In deze zaak, behandeld door de Rechtbank Limburg op 22 augustus 2018, vordert de eiseres dat de gedaagde wordt veroordeeld tot betaling van een lening van € 8.566,15, vermeerderd met wettelijke rente. De eiseres stelt dat de gedaagde in 2015 dit bedrag van haar heeft geleend en dat er een terugbetalingsplan zou worden opgesteld na de beëindiging van hun affectieve relatie. De gedaagde betwist echter de lening en stelt dat hij nooit geld van de eiseres heeft ontvangen. Hij voert aan dat de e-mail waarin de lening wordt erkend, niet door hem is verzonden, en dat hij mogelijk niet de enige toegang tot zijn e-mail heeft gehad.
De kantonrechter oordeelt dat de bewoordingen in de e-mail van 18 augustus 2016, verzonden vanuit het e-mailadres van de gedaagde, niet anders kunnen worden geïnterpreteerd dan als erkenning van de lening. Echter, om te bevestigen dat de e-mail daadwerkelijk van de gedaagde afkomstig is, moet het IP-adres van waaruit de e-mail is verzonden worden achterhaald. De kantonrechter is voornemens een deskundige te benoemen om deze kwestie te onderzoeken.

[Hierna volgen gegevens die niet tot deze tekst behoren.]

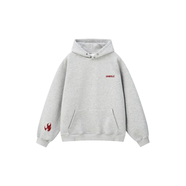 FR.YH.ZH陸翊上身金貝勒美式高街火焰火苗印花上衣連帽紐扣長(cháng)袖衛衣帽衫 白花灰(-暗紅色火焰Logo) 常規 M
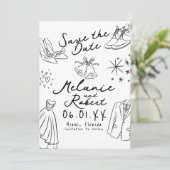 Handgezeichnete Schwarz-Weiß-Muster von Bräutigam Save The Date (Stehend Vorderseite)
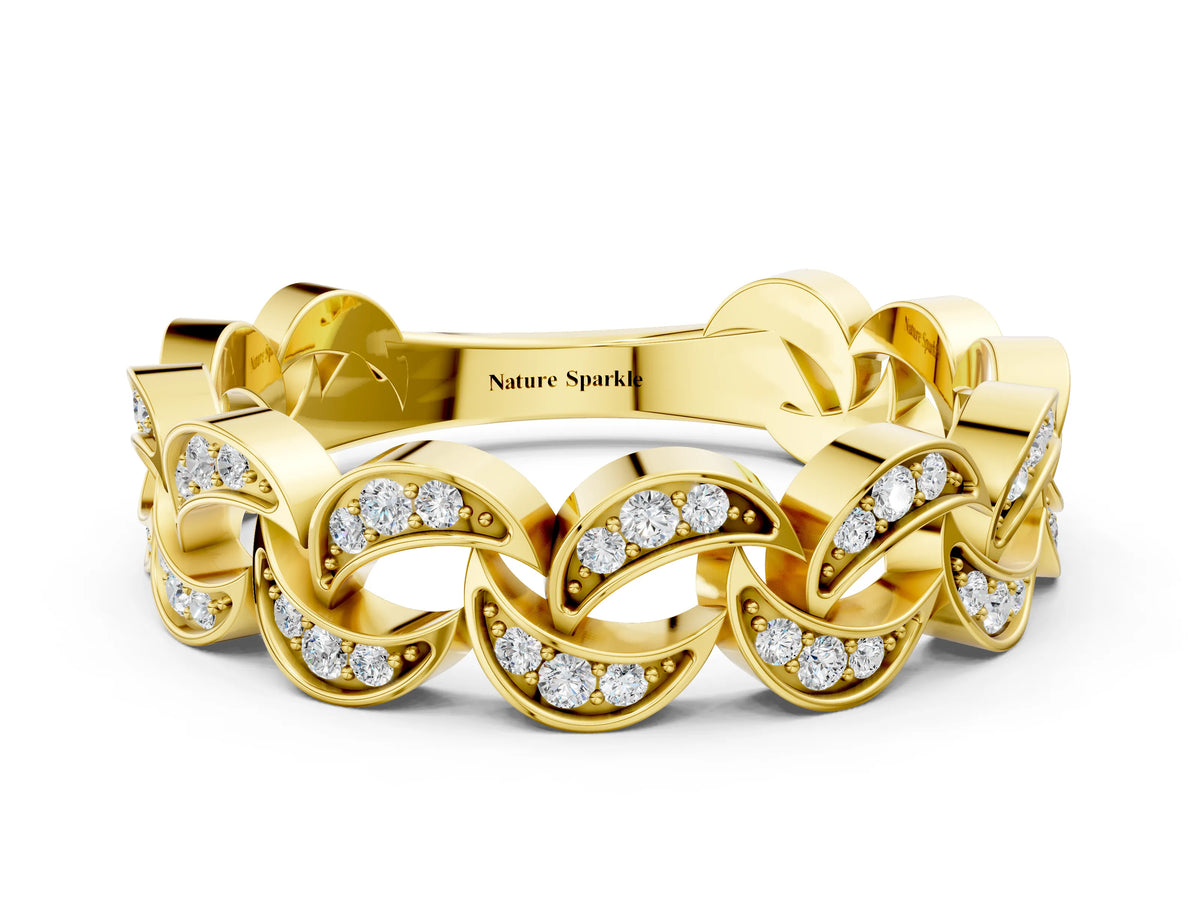 Yellow gold Pavé Round Diamond Interlocking Eternity Band with Bezel Prong Setting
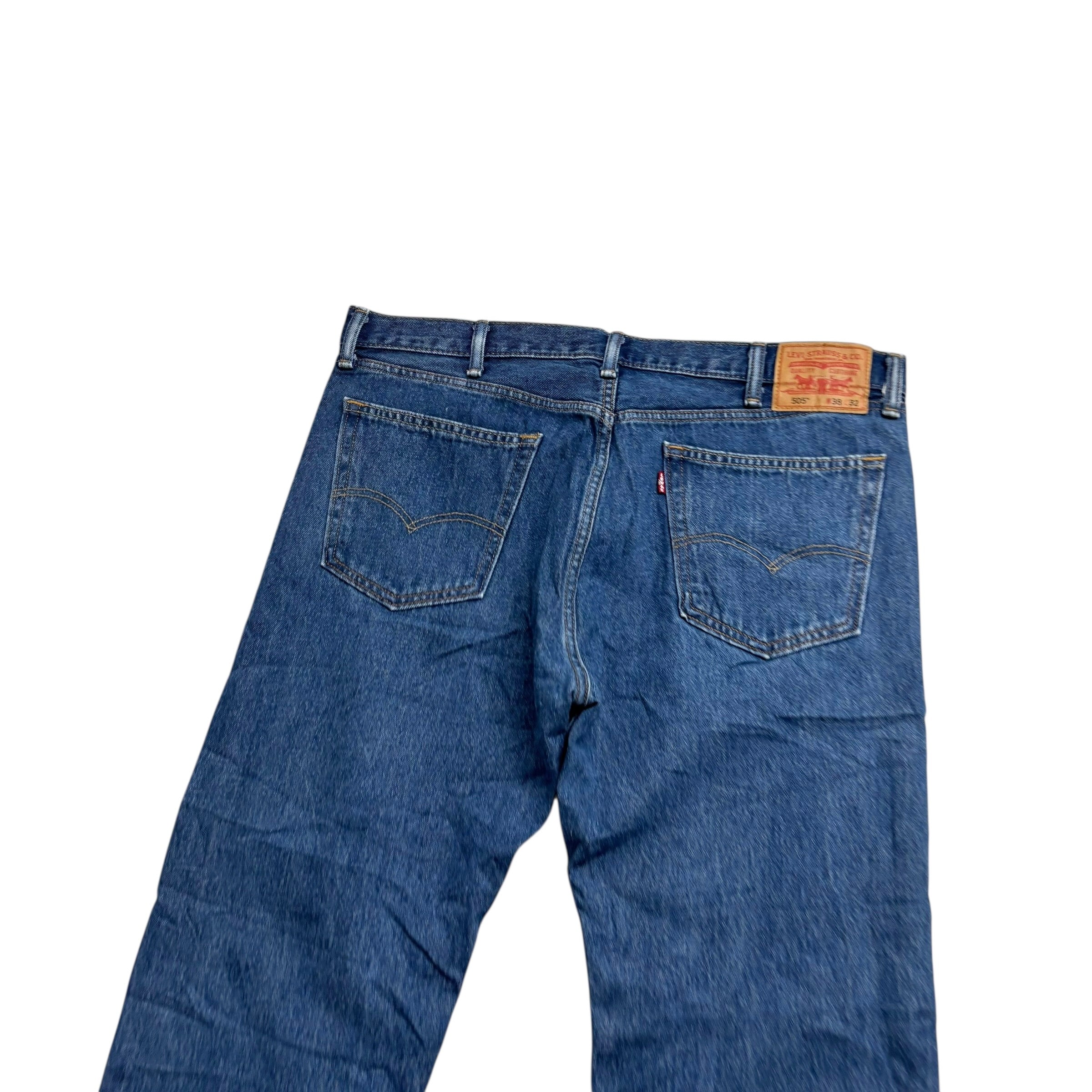 Levis 505 Jeans W38 L32 Mens Mid Blue Regular Straight Fit Vintage Denim (E)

De eiseres is in beginsel verantwoordelijk voor de kosten van de deskundige, maar omdat zij met een toevoeging procedeert, wordt haar geen voorschot opgelegd. De kantonrechter overweegt dat als blijkt dat de e-mail van het IP-adres van de gedaagde afkomstig is, de vordering van de eiseres zal worden toegewezen. Als dit niet kan worden vastgesteld, zullen de vorderingen van de eiseres worden afgewezen. De zaak is verwezen naar de rolzitting voor verdere uitlating door beide partijen.